Flink Course Series (1): A General Introduction to Apache Flink

By Li Yu (Jueding), Apache Flink PMC and Alibaba's senior technical expert.

1) What Is Apache Flink?

Apache Flink is an open-source stream-based stateful computing framework. It is executed in a distributed way with low latency and high throughput. In addition, it does well in handling complex stateful computational logic scenarios.

1.1) The Origin of Flink

Apache Flink is a top-level project of the Apache Open-source Software Foundation. Flink originated from a well-known lab – the lab of Technical University of Berlin, just as many top-level Apache projects that originated from university labs, such as Spark originating from the UC Berkeley Lab.

The project was originally named Stratosphere, whose goal was to make big data processing more concise.
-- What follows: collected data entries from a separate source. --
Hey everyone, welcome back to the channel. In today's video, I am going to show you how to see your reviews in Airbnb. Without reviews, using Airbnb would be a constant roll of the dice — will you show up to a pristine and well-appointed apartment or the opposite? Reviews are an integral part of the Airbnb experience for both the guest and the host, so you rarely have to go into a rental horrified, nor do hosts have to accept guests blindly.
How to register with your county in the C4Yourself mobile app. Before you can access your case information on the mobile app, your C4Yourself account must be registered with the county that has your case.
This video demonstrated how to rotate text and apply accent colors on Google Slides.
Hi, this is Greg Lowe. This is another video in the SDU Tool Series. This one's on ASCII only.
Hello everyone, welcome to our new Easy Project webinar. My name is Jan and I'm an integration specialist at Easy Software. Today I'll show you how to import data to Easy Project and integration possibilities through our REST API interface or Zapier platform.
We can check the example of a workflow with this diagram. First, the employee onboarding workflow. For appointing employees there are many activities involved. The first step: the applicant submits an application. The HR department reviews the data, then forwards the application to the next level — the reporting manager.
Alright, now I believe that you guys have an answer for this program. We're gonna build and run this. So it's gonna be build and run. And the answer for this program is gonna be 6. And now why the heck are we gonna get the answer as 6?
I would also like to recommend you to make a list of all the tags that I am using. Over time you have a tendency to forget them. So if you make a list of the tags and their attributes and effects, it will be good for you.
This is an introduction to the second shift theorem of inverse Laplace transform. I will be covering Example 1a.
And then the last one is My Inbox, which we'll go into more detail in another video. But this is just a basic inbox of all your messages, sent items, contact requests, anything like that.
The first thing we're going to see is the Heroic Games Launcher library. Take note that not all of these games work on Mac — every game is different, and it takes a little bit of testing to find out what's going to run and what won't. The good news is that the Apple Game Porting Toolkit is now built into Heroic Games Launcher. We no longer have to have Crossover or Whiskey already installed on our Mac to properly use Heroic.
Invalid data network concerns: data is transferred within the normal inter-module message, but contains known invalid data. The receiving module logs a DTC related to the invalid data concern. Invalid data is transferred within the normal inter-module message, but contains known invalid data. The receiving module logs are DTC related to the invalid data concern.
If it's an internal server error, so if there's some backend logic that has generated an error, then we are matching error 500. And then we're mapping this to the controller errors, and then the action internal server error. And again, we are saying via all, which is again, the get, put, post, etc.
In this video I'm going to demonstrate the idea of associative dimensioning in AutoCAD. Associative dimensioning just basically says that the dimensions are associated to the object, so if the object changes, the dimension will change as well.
Many of the initial code contributors to the project are still active on Apache's Project Management Committee today for continuous contributions to the community.

The Stratosphere project was launched in 2010. As seen from its Git commit log, its first line of code was written on December 15, 2010.

In May 2014, the Stratosphere project was donated to the Apache Software Foundation for incubation as an incubator project, renamed Flink.

1.2) The Development of Flink

The Flink project was very active. The first version under the incubator project, v0.6-incubating, was released on August 27, 2014.

With many contributors attracted by the Flink project as well as great activity shown in this process, Flick became a top-level Apache project in December 2014.

The first official version, Flink 0.8.0, was released a month after Flink became the top project. Since then, Flink has kept its version updated basically every four months to date.

1.3) The Status Quo of Flink – the Most Active Project in the Apache Community

Flink has become the most active big data project in the Apache community nowadays with its user and developer mailing list ranking first in the Apache annual report 2020.

As shown in the above chart on the right, the Flink project was even more active than the Spark project that is also very active in terms of user mailing list. In addition, as for the number of developer code submissions and the Github user visits, Flink ranks second among all Apache projects and first among all big data projects.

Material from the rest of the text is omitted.